Il jazz al cinema

 Programma a cura di Ehsan Khoshbakht e Jonathan Rosenbaum

 

Oggi che il jazz non viene più automaticamente associato alla decadenza e alle forze dell’oscurità, possiamo finalmente apprezzarlo per il suo valore intrinseco e cominciare a guardare con una certa obiettività ai cent’anni di collaborazione tra jazz e cinema. In entrambi i casi si tratta di arti giovani più o meno contemporanee al Ventesimo secolo che si sono affrancate da origini socialmente riprovevoli battendosi per ottenere dignità e riconoscimento.
Parte di questa collaborazione ha prodotto il jazz film, sottogenere dedicato soprattutto alla documentazione delle esibizioni musicali. Ma esistono anche riuscite sinergie tra le potenzialità espressive di jazz e cinema. E i modi in cui il jazz è stato usato nei film ci rivelano sempre molto delle tendenze sociali, etniche, estetiche e culturali di un determinato contesto storico. Le diverse reazioni dei produttori cinematografici alla presenza dei gruppi jazz nei film degli anni Trenta, Quaranta e Cinquanta rappresentano una sorta di storia sociale in miniatura.
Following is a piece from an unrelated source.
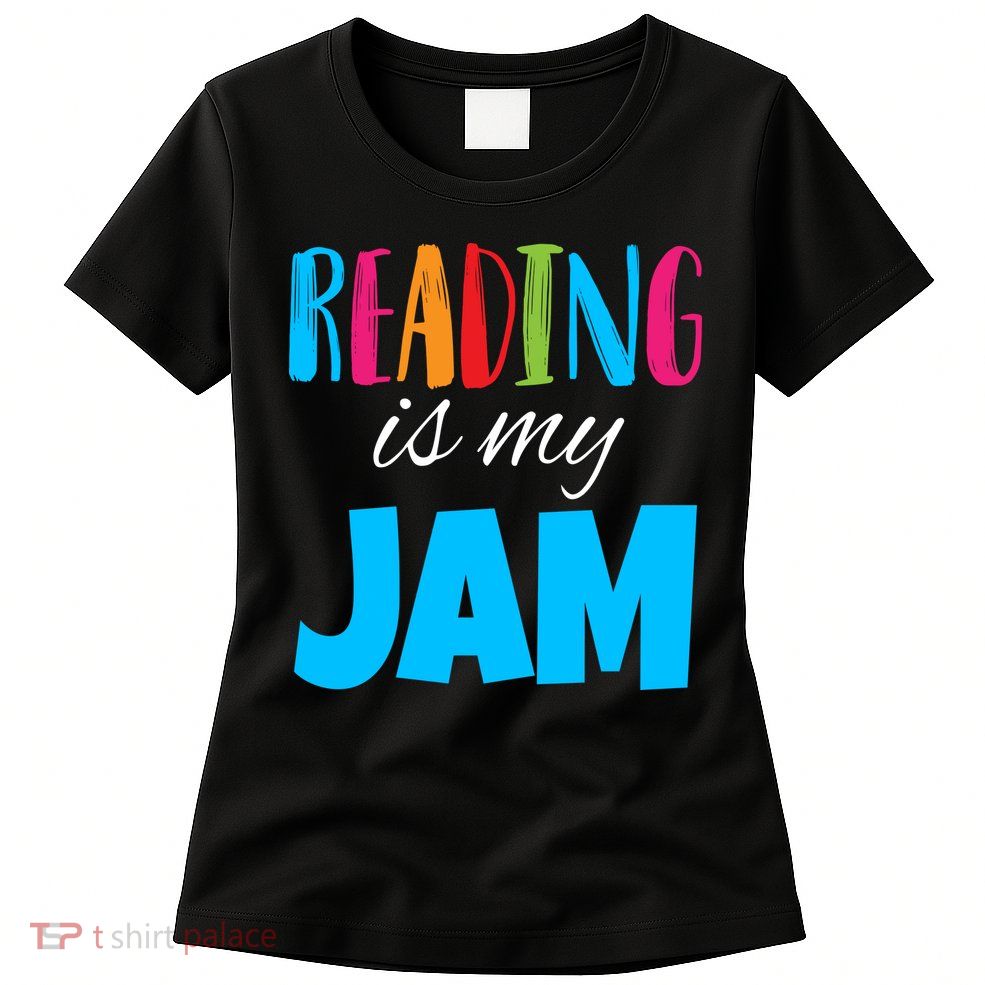 Reading Is My Jam Womens T-Shirt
A volte i musicisti neri erano costretti a suonare fuori campo mentre i loro assoli venivano mimati da controfigure bianche, in altri casi i musicisti bianchi venivano tenuti nell’ombra per farli sembrare neri.
Forse la prima sinergia tra jazz e film di finzione di cui abbiamo traccia è un muto oggi perduto in cui appariva l’Original Dixieland Band, The Good for Nothing (1917), contemporaneo alla prima incisione jazz. Facendo un balzo in avanti fino al sonoro, ci imbattiamo in Black and Tan Fantasy, un cortometraggio notevole girato nel 1929 da Dudley Murphy. In seguito, mentre i Soundies contribuivano alla massiccia produzione di jazz film e alla loro trasformazione in attrazioni da juke-box, il sogno di un cinema jazz ‘puro’ si concretizzò in film realizzati da artisti provenienti dal cinema d’animazione o dalla fotografia.
Alcuni registi sono più portati di altri per le atmosfere jazz. Quelli che amano l’improvvisazione sembrano mostrare una particolare inclinazione per la musica. Nei film dell’appassionato di jazz Howard Hawks, la musica svolge spesso un’importante funzione di aggregazione sociale. Solo Ball of Fire (1941) e il suo remake Venere e il professore (1948) usano esplicitamente il jazz per esaltare lo spirito cameratesco della trama, ma il principio resta lo stesso nelle songfests presenti in alcuni dei migliori film del regista.
Tanto i tormenti privati quanto l’euforia collettiva pervadono le atmosfere di film di finzione quali All Night Long (Basil Dearden, 1961) e When It Rains (Charles Burnett, 1995), mentre l’esuberante Jazz on a Summer’s Day (1959), documentario girato da Bert Stern e Aram Avakian al Newport Jazz Festival, valorizza l’euforia che accomuna pubblico e musicisti. E infine, Big Ben: Ben Webster in Europe (Johan van der Keuken, 1967) offre il ritratto di un grande del jazz in esilio.